The walks back to the car, folds the passenger seat forward, takes in Kirsten’s long legs.

‘Move up, honey,’ he says, dumping the shovels next to her. He winks at her before he slams the chair back in place and climbs in. She kicks the back of his seat.

Seth starts the car. It’s a prehistoric thing, and chokes twice before it comes to life. Miller smacks the dashboard twice.

‘Good girl!’ he shouts, making them both jump.

Kirsten is still staring at him, trying to imagine what on earth they had to talk about. She had thought of her ‘mother’ as a dry, sexless, beige, irritated woman. She can’t imagine the two of them having a conversation, never mind a twenty-six-year-long affair.

‘Which one to open the garage door?’ asks Seth, looking at the rubber buttons on the ancient remote.

‘Uh, the blue one,’ he says, but nothing happens. Pins of dread on Kirsten’s skin. Seth is slowly reaching for his gun.

‘I mean, the orange one. Sorry,’ he laughs, ‘nervous.’

Seth clicks the orange button and the garage motor heaves the door up. They all exhale. 4 and 5, thinks Kirsten, easy enough to mix up.

The man beats a melody on his khaki-clad thigh.

‘Left,’ he says.

‘Where are we going?’ asks Seth.

‘To the hidey-hole I came up with. Genius, if I don’t say so myself.’

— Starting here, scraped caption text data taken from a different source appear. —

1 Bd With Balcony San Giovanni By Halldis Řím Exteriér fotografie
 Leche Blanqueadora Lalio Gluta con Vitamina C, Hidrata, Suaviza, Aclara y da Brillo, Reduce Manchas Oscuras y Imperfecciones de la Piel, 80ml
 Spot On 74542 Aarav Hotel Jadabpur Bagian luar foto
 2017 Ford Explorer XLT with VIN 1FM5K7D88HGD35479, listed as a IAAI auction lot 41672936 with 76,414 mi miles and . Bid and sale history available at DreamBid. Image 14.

‘Where?’ asks Kirsten. ‘We don’t have much time.’

‘We’ll be there in twenty minutes,’ he says. Kirsten looks at her watch, feels the adrenaline pulling at her stomach. This better pay off, she thinks, or Keke is dead. Seth puts his foot down.

They pull up at a small flower farm on the outskirts of the city. The guard seems to recognise Ed and drags the gate open for them. The metal catches on the hard sand. Miller directs them along the powder dirt road, and they drive along until it comes to an abrupt end. Seth, driving too fast, slams on the brakes and they skid a little, landing in some wild grass. They look around, as if wondering how they got there – sitting in a vast field of flowers.

Kirsten is exhausted, nervous, dirty, and hurt, surrounded by blue skies and blooms. The prettiness around her is not making sense.